Cook Cup clash's Flood factor
Cook Cup clash's Flood factorSHARE
The last time Toby Flood faced Australia at Twickenham he scored 25 points with his boot, the most ever recorded by an Englishman against the Wallabies.
That was back in 2010 when England beat Australia 35-18 in what is still viewed as one of the side’s most complete performances of recent years, with wing Chris Ashton scoring two eye-catching tries.
It was also one of Flood’s most accomplished displays at flyhalf with the Leicester Tigers man notching up seven penalties and two conversions.
Against Fiji last Saturday, England secured a seven try, 54-12 victory, with Flood scoring 17 points. The 27-year-old looks back fondly to the 2010 victory but he is under no illusions of the threat that the Wallabies pose and will not be dwelling too much on history.
"It was a good day for us. We started okay and we were lucky to be up on scoreboard early on," said Flood.
"The game grew from there and we were happy with the way we dealt with the match and managed the side, the collision speed and everything we were doing just got better as the game went on so it was a good day all round.
"It was probably one of the standout performances of that year so we were happy with that but we are not hanging our hats on that really as a lot has happened since. There has been a lot of water under the bridge in two years. They are a different side and we are certainly a different side."
Australia lost 33-6 to France last weekend but Flood has noted their form in the recent Rugby Championship, which included a creditable 18-18 draw with the All Blacks.
The former Newcastle Falcon says there is an extra edge to training this week, with everyone anticipating an increase in intensity.
“They are a team that have played at high level for the past few months and they have just come out the back of the four nations which is incredible Test match rugby,” said Flood.
“They will be fully amped up.
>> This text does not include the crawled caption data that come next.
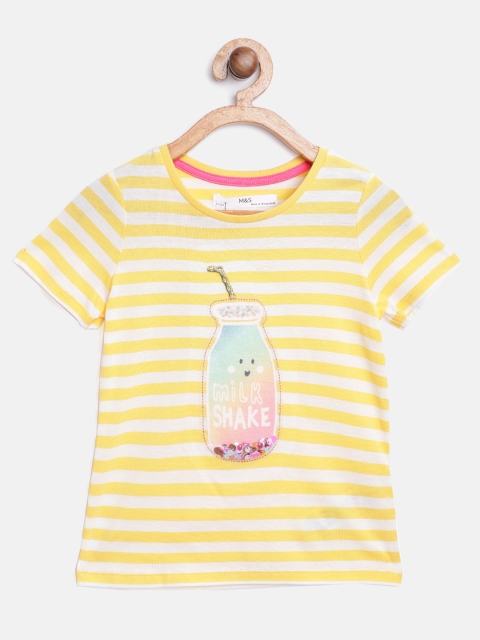 Marks & Spencer Girls Yellow & White Striped Pure Cotton Round Neck Sustainable T-shirt
Marks & Spencer Girls Yellow & White Striped Pure Cotton Round Neck Sustainable T-shirt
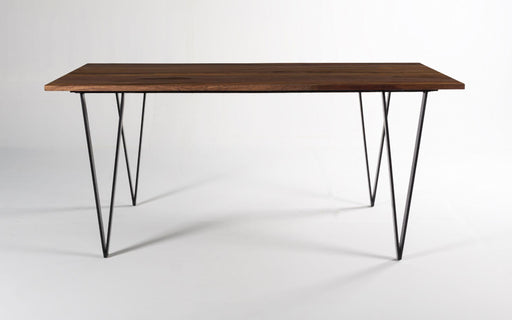 Buy Dining Table - Metric Wooden & Metal Dining Table 6 Seater For Dining Room And Home by Orange Tree on IKIRU online store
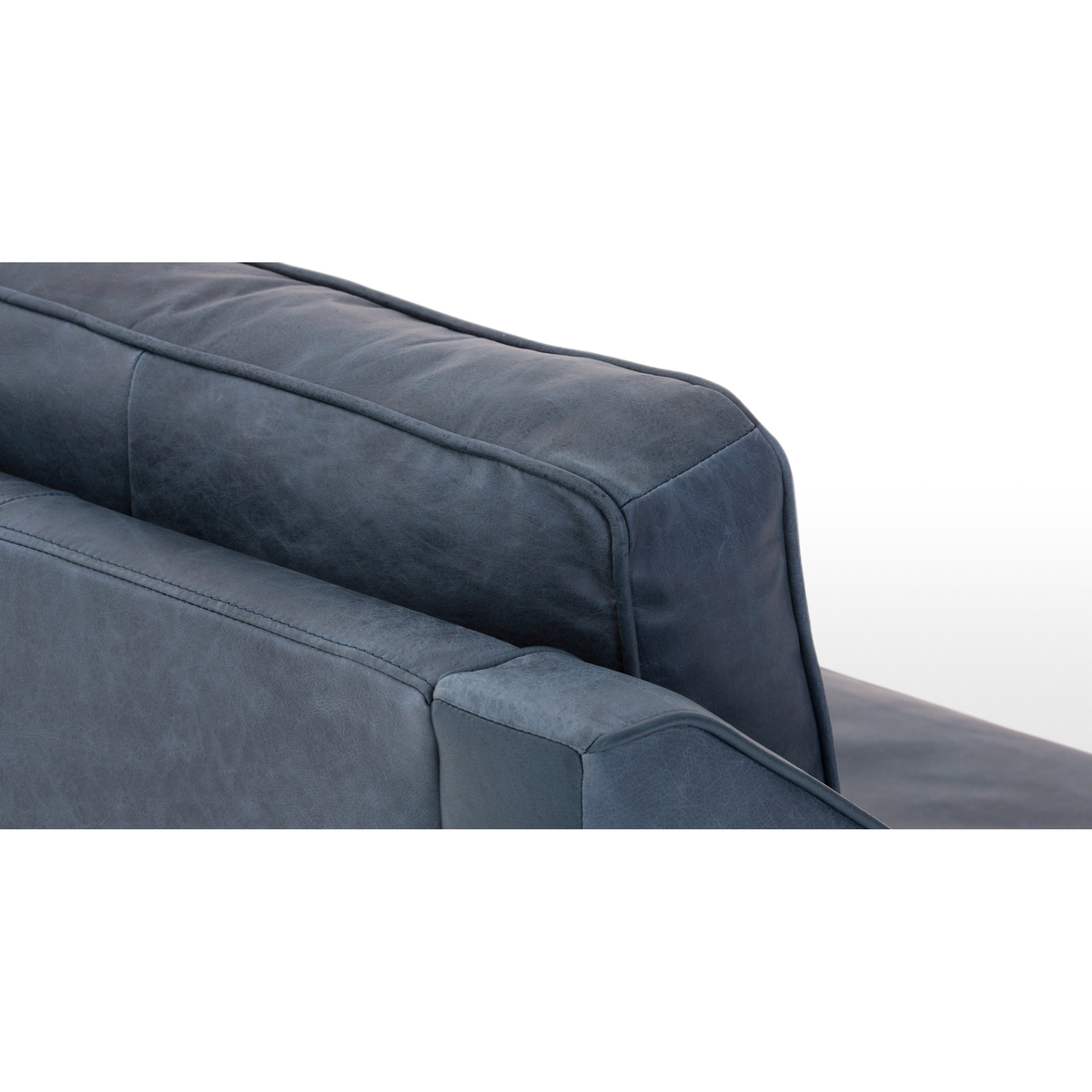 Dallas 3 Seater Sofa, Charm Midnight Premium Leather – image 6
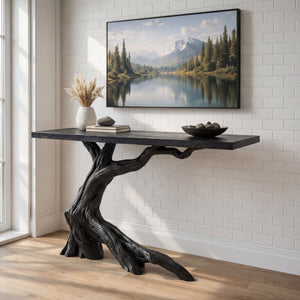 Twisted Branch Solid Wood Console Table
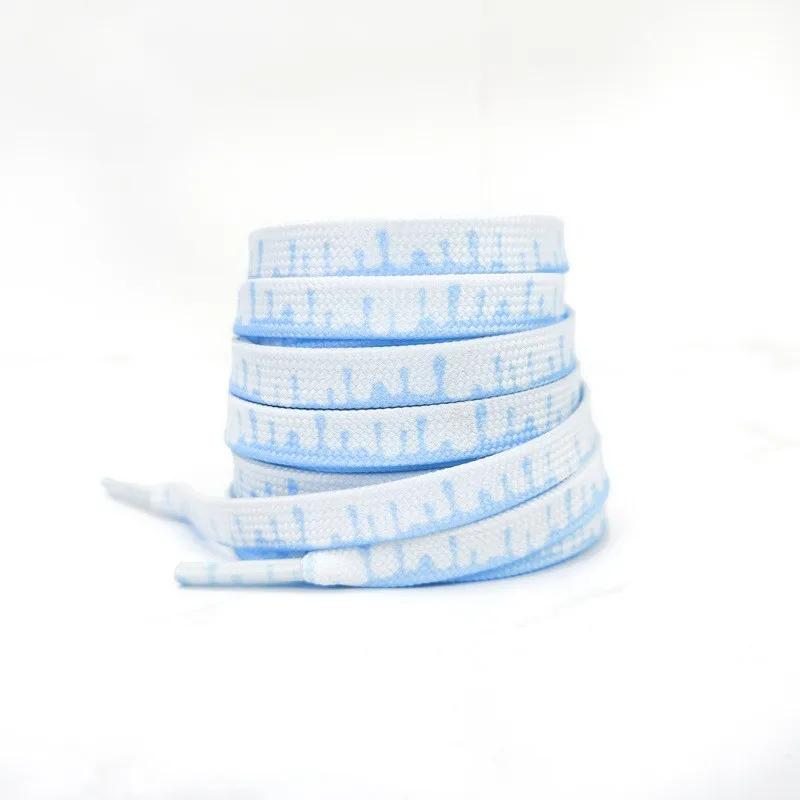 Fashion Rainbow Ice Cream Shoelace Flat Shoe Laces Cream Macaron Shoelaces for Sneakers 120/140/160cm Shoes Strings Accesories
We know it’s the end of a long season for them but they are a group of fantastic individuals and when they get it right and play as a team, and they evolve their game on top of you throughout the match they show that they are a fantastic side.
“We are wary of what they have to offer and there is a little tingle and little spark this week in the camp as we realise that the intensity level will go up dramatically this weekend.”
England had only faced Fiji four times before last weekend’s clash and they still have a 100 percent success rate against the Pacific Islanders, who are ranked 14th in the world.
Australia are ranked third and while they may be missing key personnel such as David Pocock and Will Genia, they are still expected to challenge what is still a relatively new England side.
Within Stuart Lancaster’s constantly evolving England squad is fullback Alex Goode, who made an eye-catching Twickenham debut last weekend against the Fijians.
Having played both fullback and flyhalf for Saracens, Goode said before the match that he would be aiming to take pressure off Flood.
At times he stood at first receiver and provided assists for three of the first four tries, much to the delight of Flood.
“The benefit of Alex is that you have a guy who is used to filling it at first receiver and who does it for this club,” said Flood.
“He helps facilitate when structuring things in the game and helps make it quite fluid when he is at first receiver and I am at second, and vice versa.
“He has the ability to call ball to space and he had a very strong game in the way that he moved and manipulated defenders.
“He is slightly different to normal fullbacks as he is not just a strong runner and good under the high ball, but also has a good ability to create space for others because of his quick feet and knowledge of playing at 10.
“It doesn’t change the way I play drastically as you have to play within the same structure of the side, but it does give you options of two ball players.
“The Kiwis have always had first and second five eights and having two ball players on the pitch is really important on how the backline functions.”